Task to carry out:
Each record, word for word and stripped of pictures, is what the answer should contain.

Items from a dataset
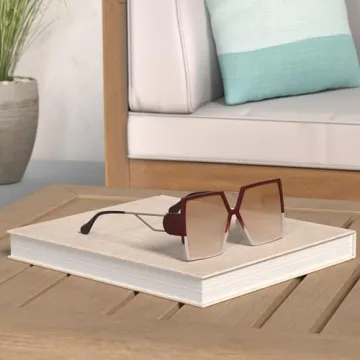 STORYCOAST Oversized Square Sunglasses for Women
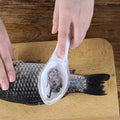 Fish Skin Brush Scraping Cato Collection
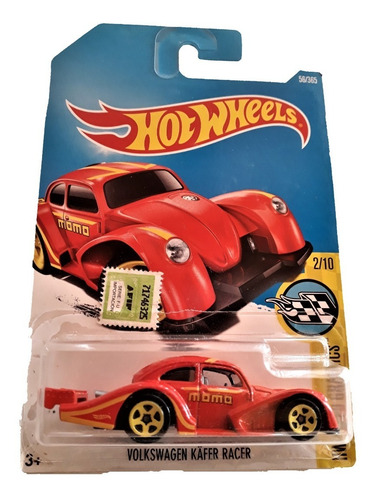 Hot Wheels Volkswagen Kafer Racer Momo Esc. 1/64  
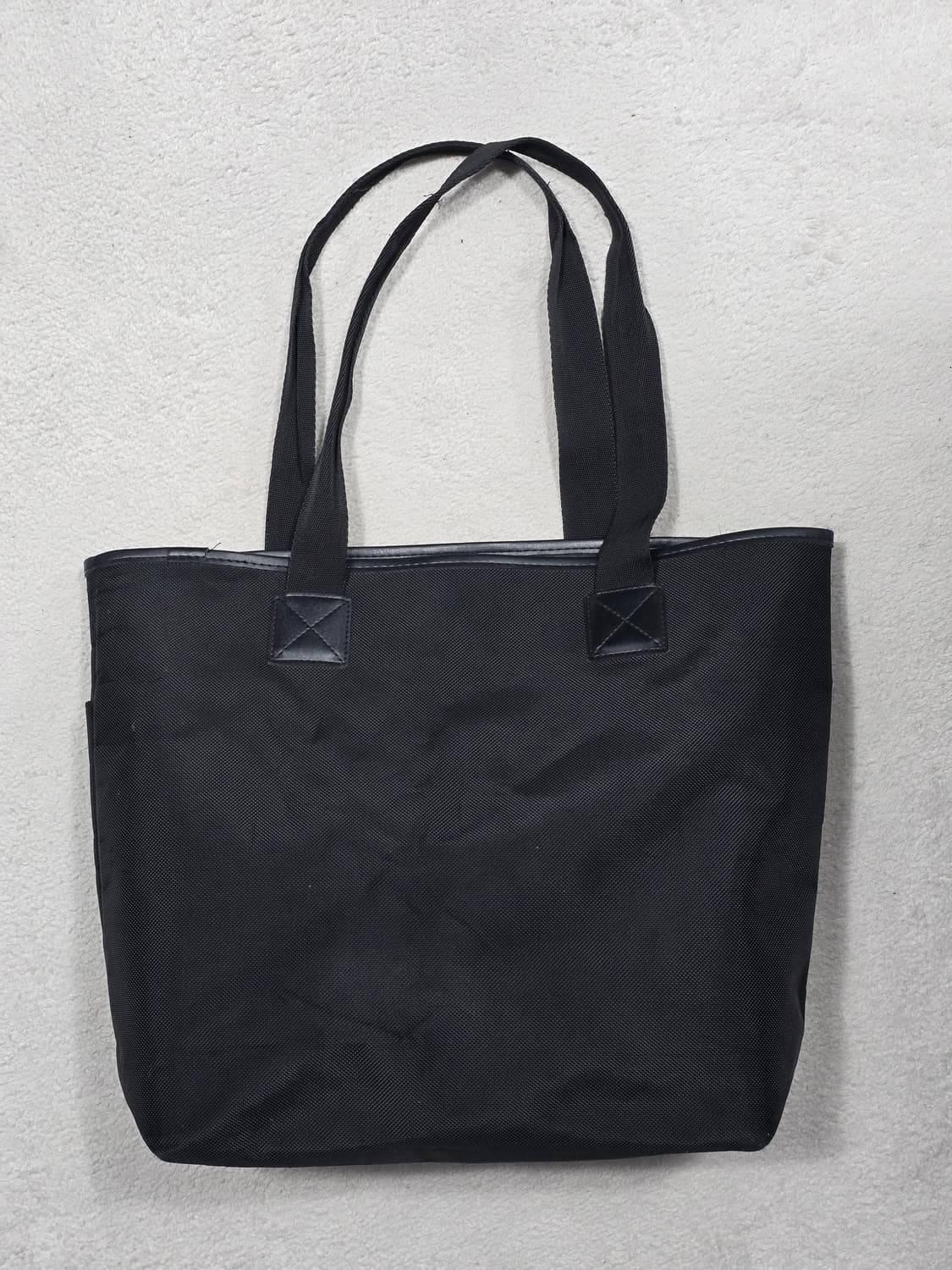 Beams 빔즈 블랙 토트백 상품이미지3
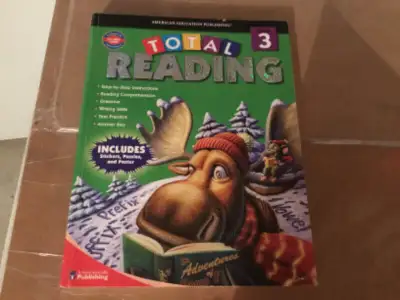 Total Reading, Grade 3 by Carson-Dellosa Publishing Staff, View more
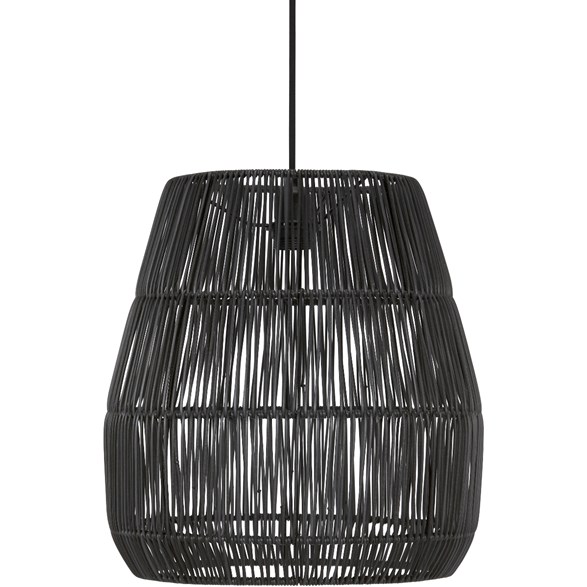 Saigon Takskärm Svart 38cm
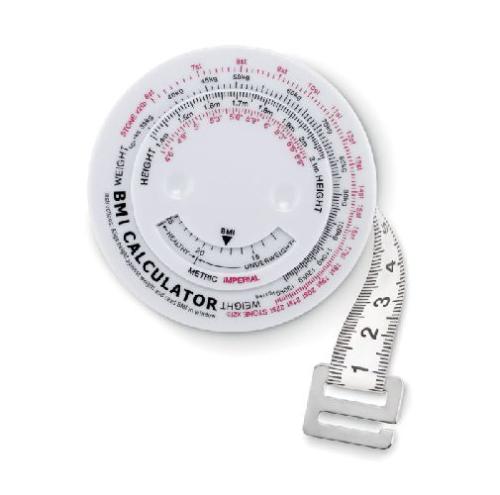 Achat Mètre mesureur  avec BMI - blanc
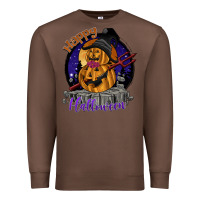 Chestnut Happy Halloween Premium Sweatshirt - SublimationCraftShop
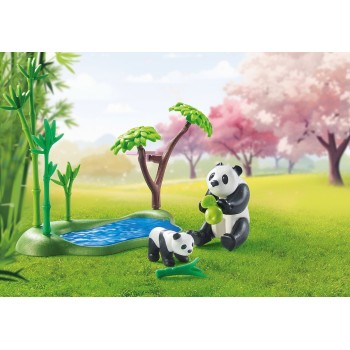 Playmobil My Life Ασιατικός Κήπος Με Κιόσκι Και Πάντα 71762 4008789717627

Task result:
 STORYCOAST Oversized Square Sunglasses for Women
 Fish Skin Brush Scraping Cato Collection
 Hot Wheels Volkswagen Kafer Racer Momo Esc. 1/64  
 Beams 빔즈 블랙 토트백 상품이미지3
 Total Reading, Grade 3 by Carson-Dellosa Publishing Staff, View more
 Saigon Takskärm Svart 38cm
 Achat Mètre mesureur  avec BMI - blanc
 Chestnut Happy Halloween Premium Sweatshirt - SublimationCraftShop
 Playmobil My Life Ασιατικός Κήπος Με Κιόσκι Και Πάντα 71762 4008789717627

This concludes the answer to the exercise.